→ **Data below**
=== Section Start ===
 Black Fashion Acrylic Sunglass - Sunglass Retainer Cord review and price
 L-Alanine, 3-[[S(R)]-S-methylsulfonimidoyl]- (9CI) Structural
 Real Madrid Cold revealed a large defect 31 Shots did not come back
=== Section End ===
→ **About this exercise**
Transcribe the entire listing above precisely.

→ **Written answer**
 Black Fashion Acrylic Sunglass - Sunglass Retainer Cord review and price
 L-Alanine, 3-[[S(R)]-S-methylsulfonimidoyl]- (9CI) Structural
 Real Madrid Cold revealed a large defect 31 Shots did not come back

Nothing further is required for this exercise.